NOTA: Este ensayo se publicó por primera vez en el 2012 a la luz de los horrores de los tiroteos en Newtown, Connecticut. El año siguiente, en vista del primer aniversario de esa tragedia indescriptible, y en reconocimiento del hecho de que tantos otros han sufrido grandes pérdidas en el último año, se publicó de nuevo. En esos días, los padres y seres queridos de la joven Claire Davis, la joven de 17 años que murió días después de recibir un disparo en el tiroteo de Arapahoe High School en Colorado, se suman a ese número. Muchos de los que leen este ensayo conocen muy bien ese tipo de pérdida. La repentina muerte de mi padre, Richard Albert Mohler, a principios de ese mismo año significó que para mí y mi familia esa Navidad fue diferente a cualquiera que habíamos conocido antes. Que este ensayo ministre a todos los que han sufrido pérdidas y dolor.

A lo largo del mundo cristiano, las familias se están reuniendo para Navidad incluso ahora, con caravanas de automóviles y aviones llenos de pasajeros que se dirigen a su hogar. La Navidad llega una vez más, llena de alegría, expectativa y sentimiento de la temporada. Es un momento para los niños, que llenan los hogares de energía, entusiasmo y pura alegría. Y es un momento para los ancianos, que aprecian los recuerdos navideños de décadas de celebraciones navideñas. Incluso en una era de movilidad, las familias hacen todo lo posible para reunirse como clanes extendidos, atraídos por el llamado de la Navidad.
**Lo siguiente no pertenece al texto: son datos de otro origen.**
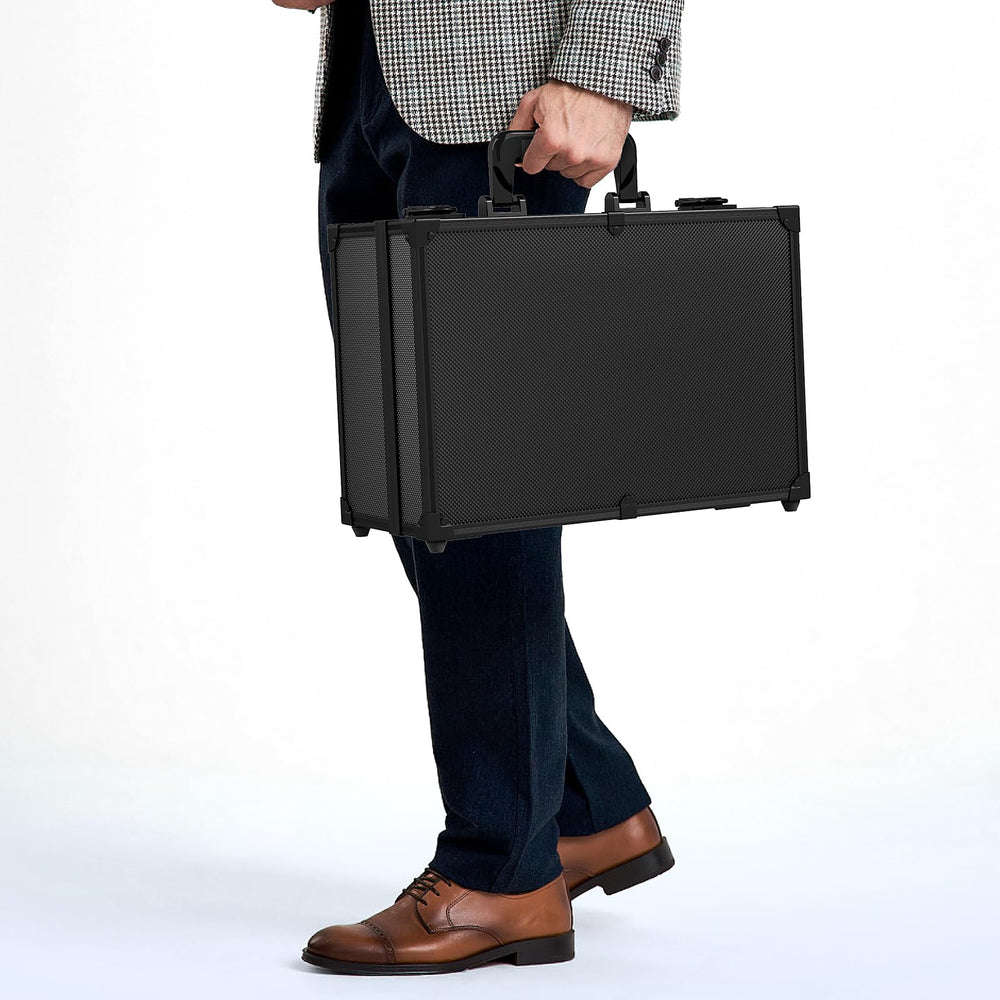 Vitula black exterior card case designed for transport and storage
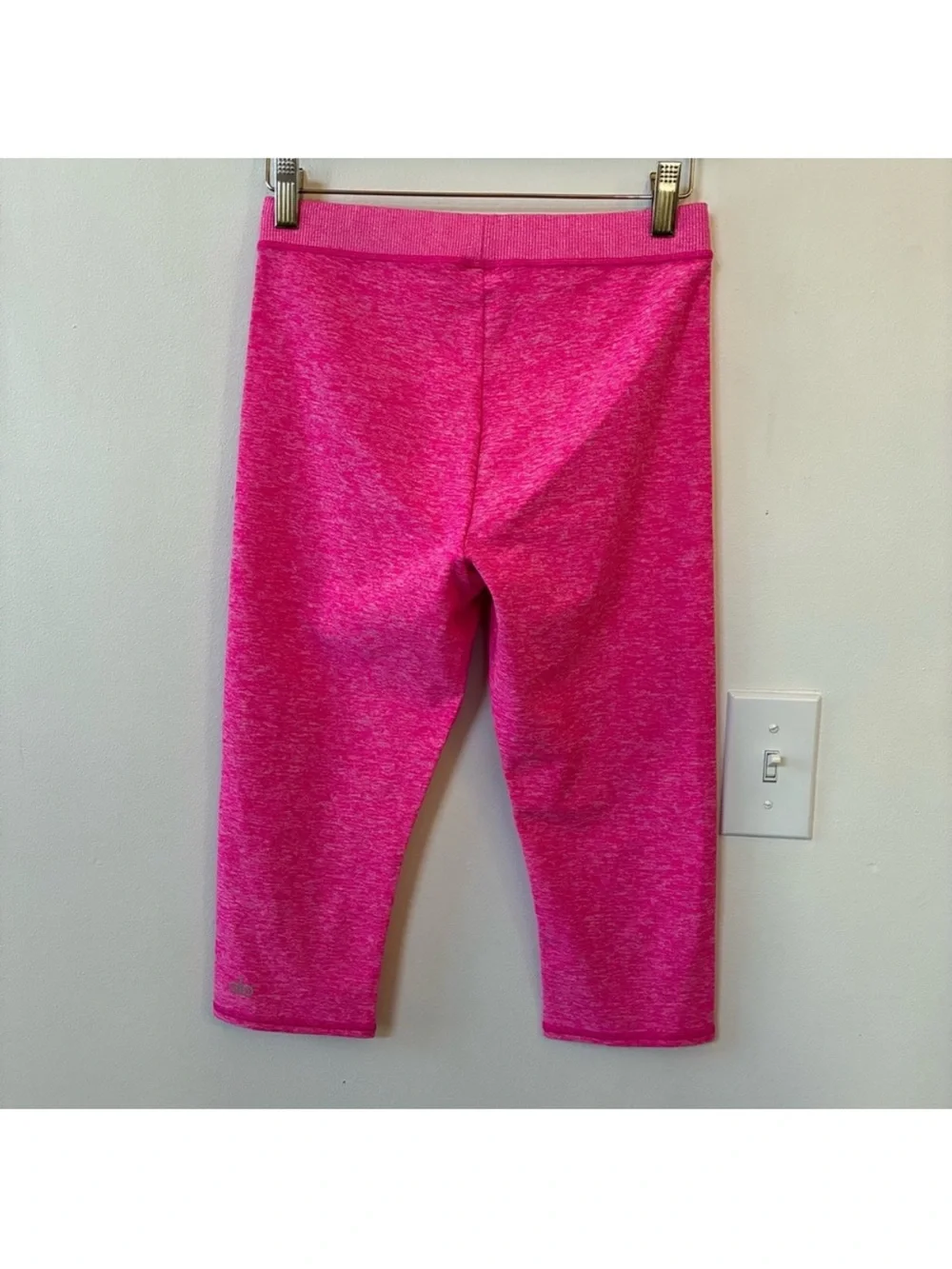 LIKE NEW ALO Yoga ALOSOFT Capri Leggings Neon Heathered Pink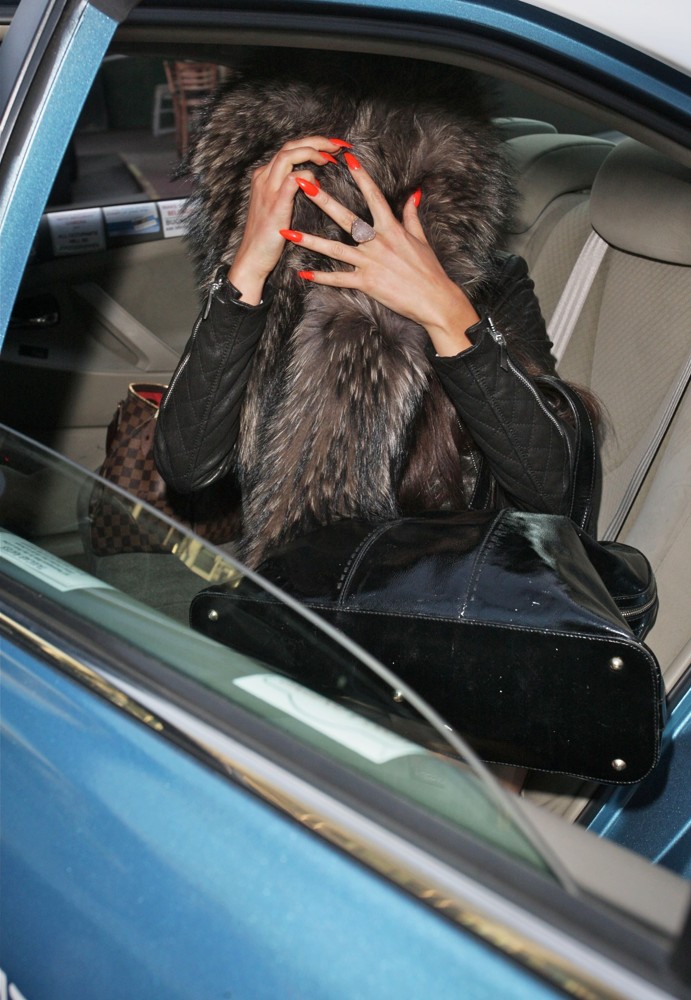 Amanda Bynes;<br>Amanda Bynes Shopping at Kin on Sunset Boulevard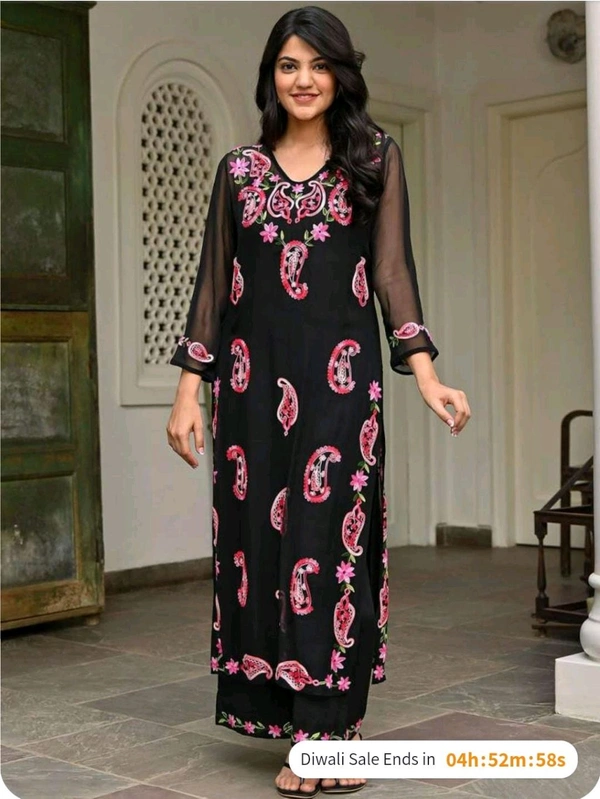 SF2  5524 _Exclusive Lucknowi chikankari aari work_kurta Set - L-40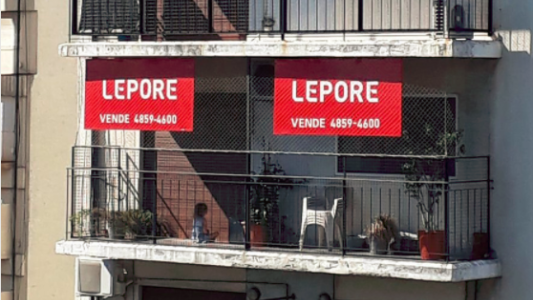 Denuncian que dejaron a una beba encerrada en un balcón como forma de castigo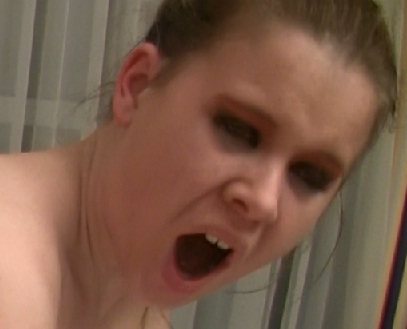 ! E*X*T*R*E*M ! A*N*A*L !...ich glaub es kaum..diese verdammte,junge,enge,versaute TEENYGÖRE!!Im Wechsel lassen wir uns im wahrsten Sinne HARDCORE den Arsch aufreißen!!!...und das von so einem MONSTERSCHWANZ!!!Aber was diese geile kleine Maus wegsteckt...ist UNFASSBAR!!!!...ein Wettkampf des geilsten und härtesten Arschficks hat begonnen!!!!Überzeug Dich selbst....Wir haben den Typen durch unsere geilen Anallöcher zum mega spritzen gebracht!!!!...und du musst zu 100% auch abspritzen!!! VERSPROCHEN!!!! :-)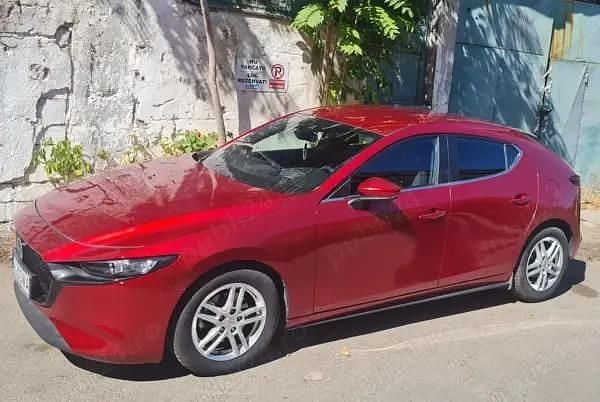 Rosu Utilizat 2019 Mazda 3 Hatchback | 16.000 EUR (Preț bun) - Imagine 1/4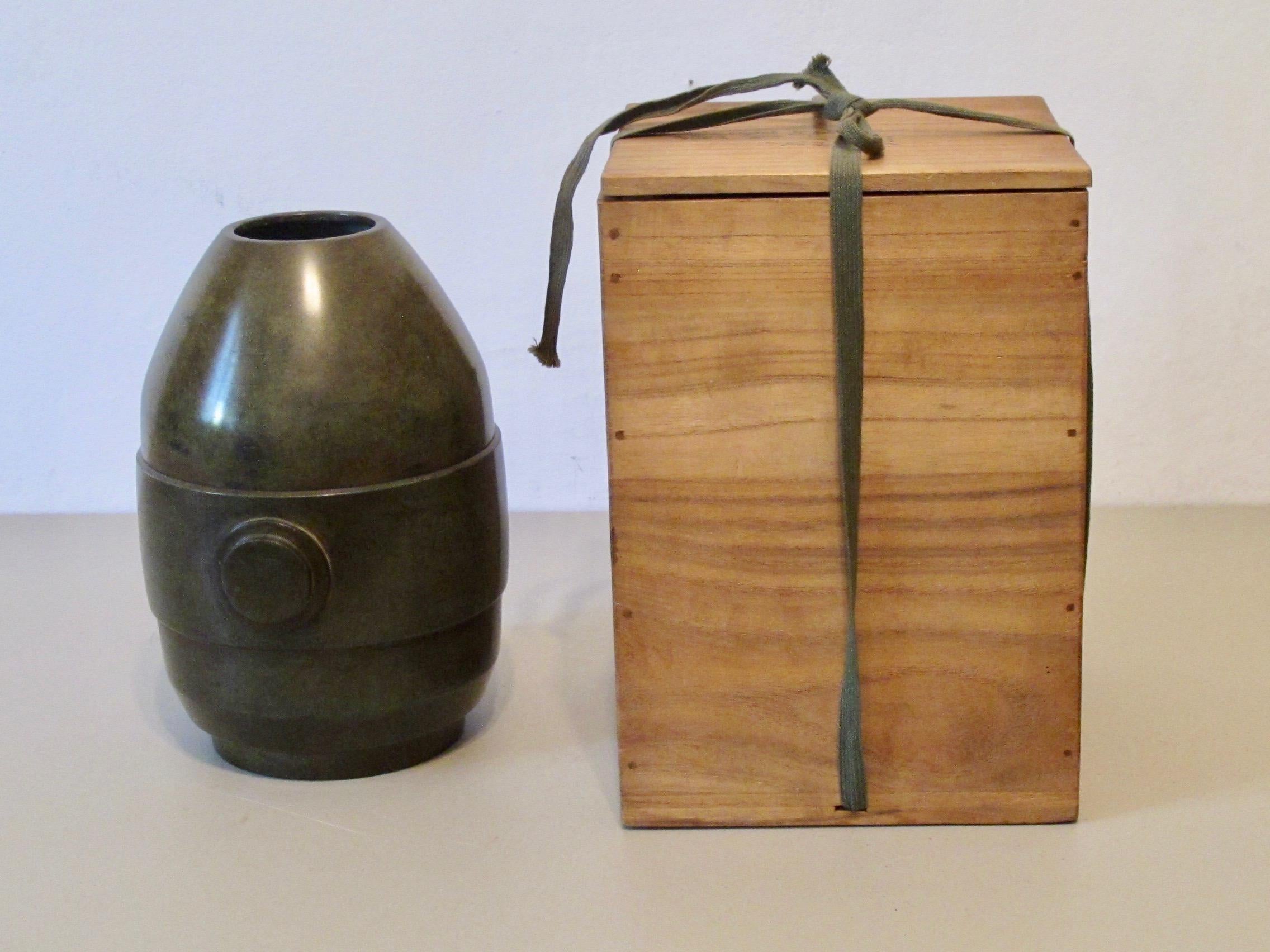 Japanese bronze vase is in the shape of a blast furnace.
Artist: Shoryu, Takaoka-city Toyama Prefecture
Measures: 16.9 x 14.6 x H 21.5 cm
good condition and comes with tomobako.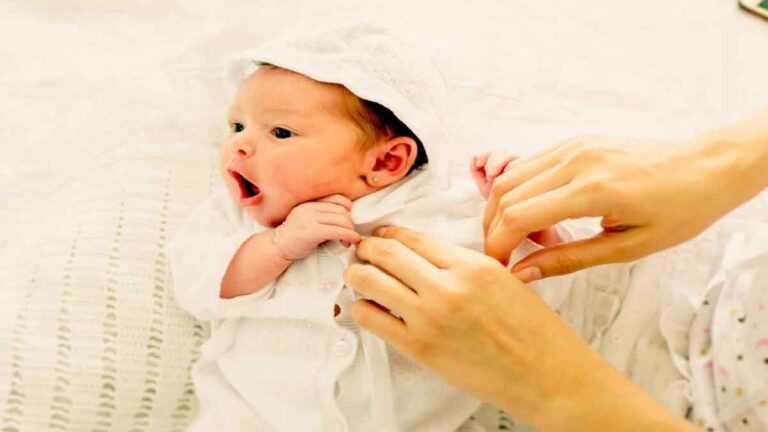 Peneliti Menguraikan 5 ‘Kata’ Paling Umum yang Diucapkan Bayi Baru Lahir
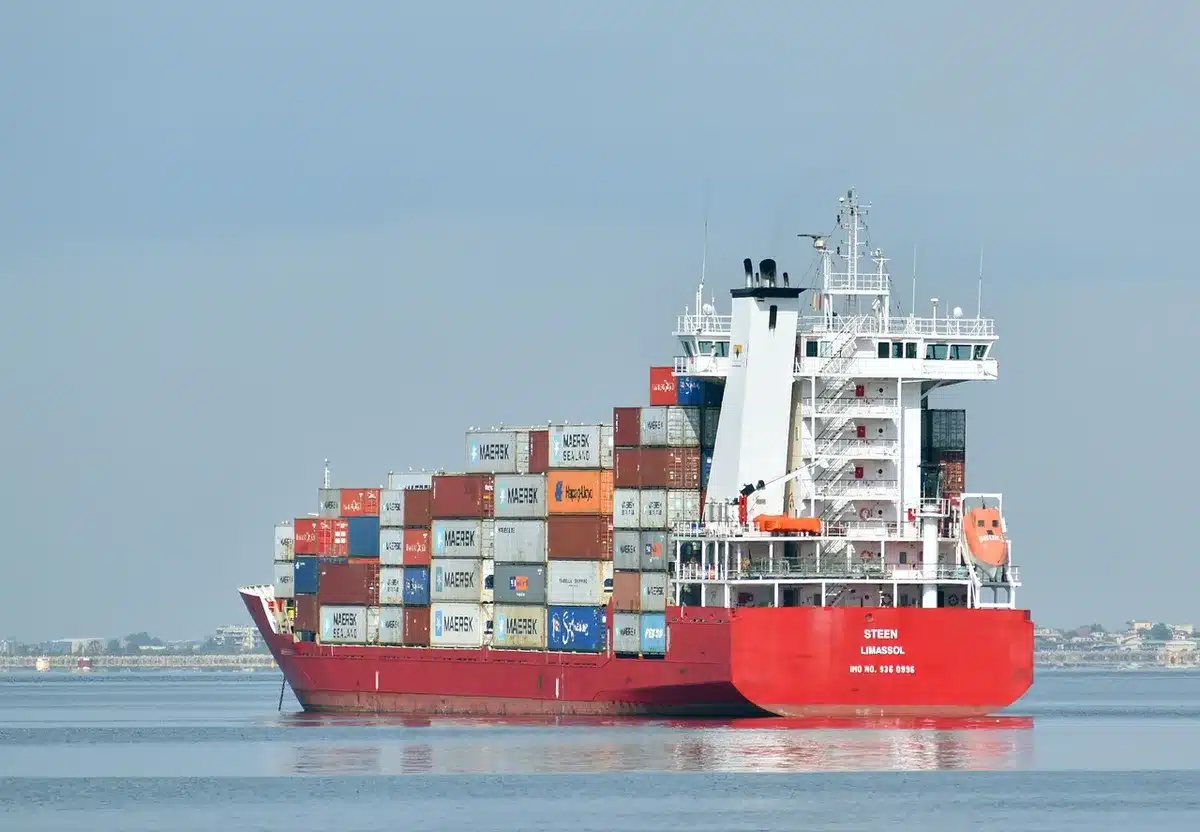 Grafico o container di auto che rappresentano l'aumento delle esportazioni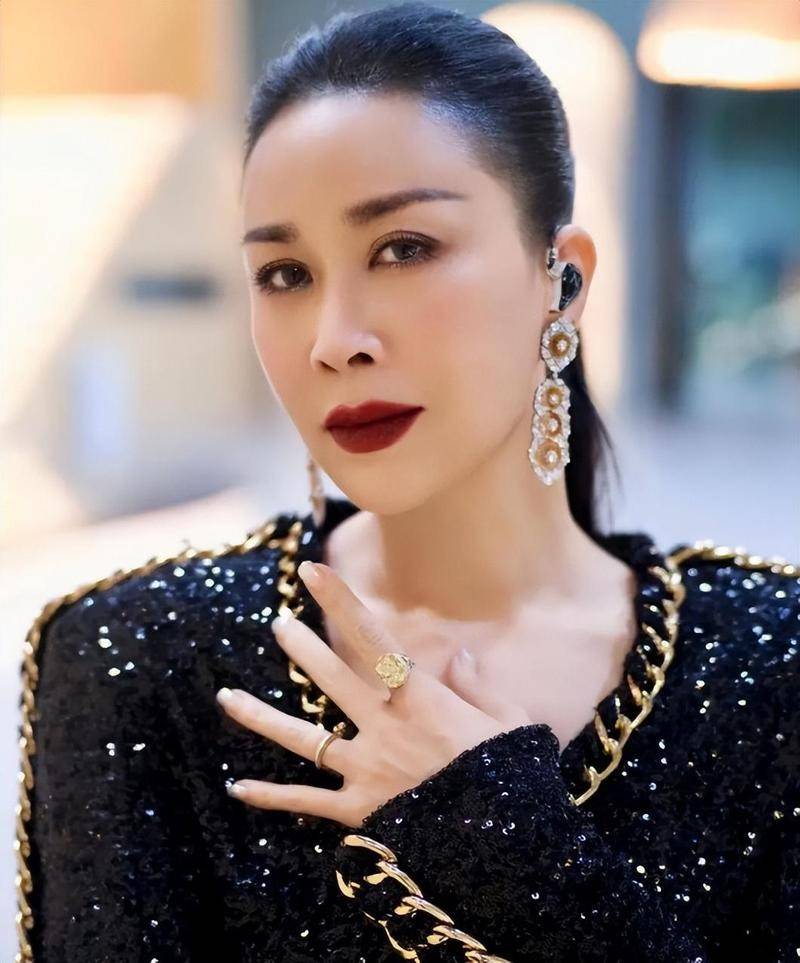 20年前，那个让那英甘愿“未婚生子”的前国脚高峰，如今过得怎样的简单介绍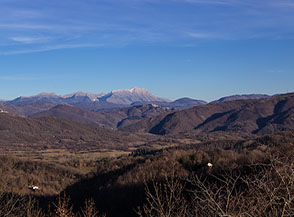 Le Montagne della Duchessa e i Monti del Velino visti dal Santuario di Santa Maria di Vallebuona.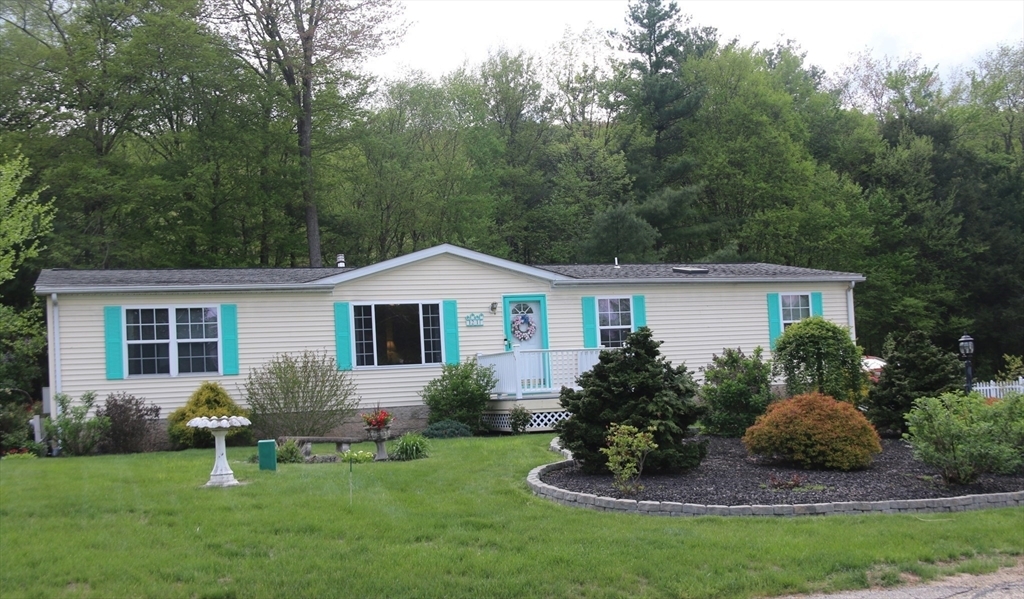 Property Photo:  21 Deer Run  MA 01506 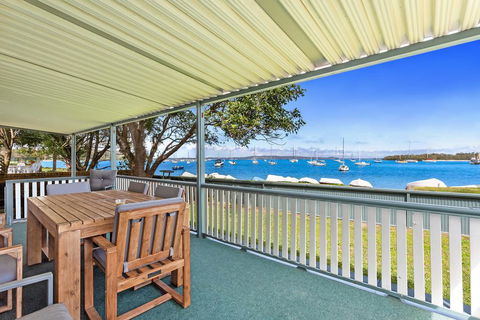 Sunset Beach House - Soldiers Point Sleeps 9 - Holiday Melbourne 0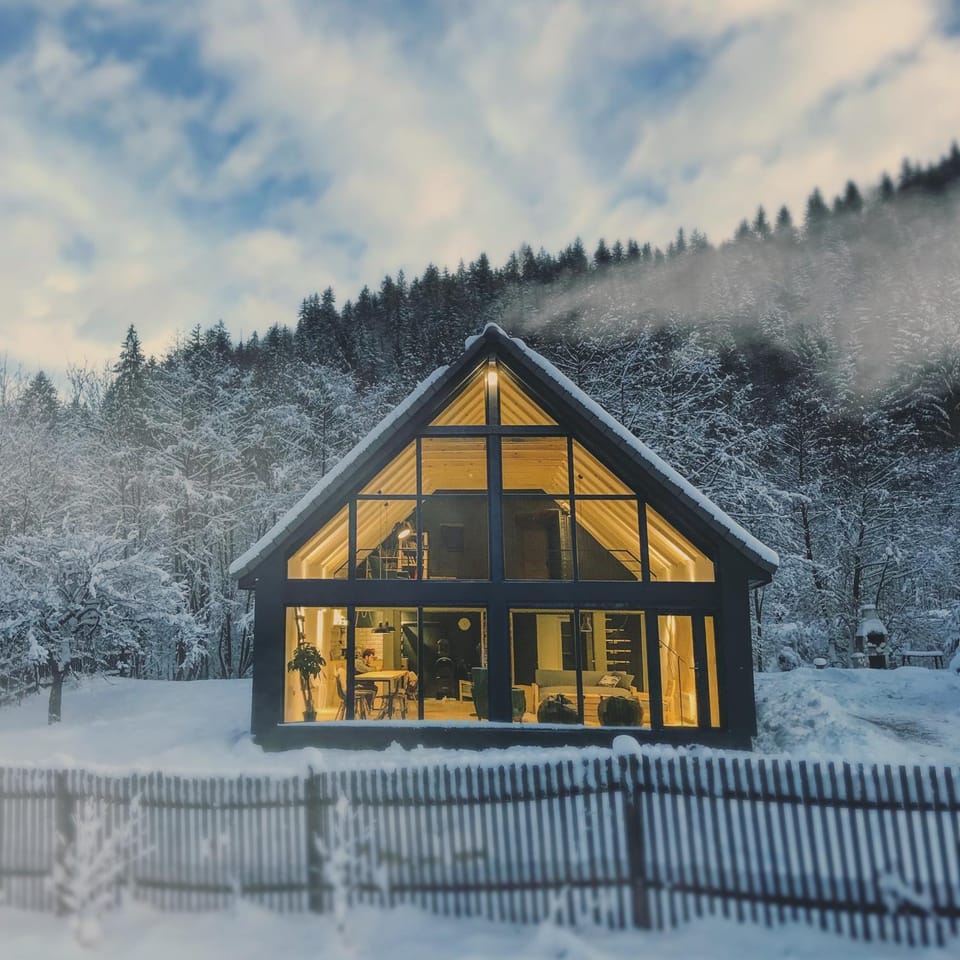 Facade/entrance, Garden view, Mountain view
Y, sin embargo, el sentimiento y la alegría de la temporada suelen ir acompañados de emociones y recuerdos muy diferentes. En algún momento, cada hogar cristiano es invadido por el recuerdo apremiante de los seres queridos que ya no pueden reunirse: sillas vacías y brazos vacíos, y corazones adoloridos. Para algunos, el dolor es fresco, sufriendo la muerte de alguien que estuvo muy presente en la reunión navideña del año pasado, pero que ahora se encuentra entre los santos que descansan en Cristo. Para otros, es el dolor de una pérdida sufrida hace mucho tiempo. Lamentamos la ausencia de padres, abuelos, tíos y hermanos. Algunos, con un dolor casi insoportable, sufren el desamor que acompaña la muerte de un niño.

Para todos nosotros, el conocimiento de eventos recientes de horror indescriptible y el asesinato de niños pequeños nos hace pensar en tantos hogares con un dolor abrumador.

¿La Navidad es también para los que sufren? Tal pregunta dejaría perplejos a quienes experimentaron los eventos de aquella noche en la humilde Belén y a quienes siguieron a Cristo a lo largo de su ministerio terrenal. La Navidad es especialmente para los que sufren.

El apóstol Pablo, escribiendo a los Gálatas, nos recuerda el hecho de que nacemos como esclavos del pecado: “Pero cuando vino el cumplimiento del tiempo, Dios envió a su Hijo, nacido de mujer y nacido bajo la ley, para que redimiese a los que estaban bajo la ley, a fin de que recibiésemos la adopción de hijos” (Gál. 4:4-5). De las tinieblas vino la luz. Como predijo el profeta Isaías: “El pueblo que andaba en tinieblas vio gran luz; los que moraban en tierra de sombra de muerte, luz resplandeció sobre ellos” (Isa. 9:2).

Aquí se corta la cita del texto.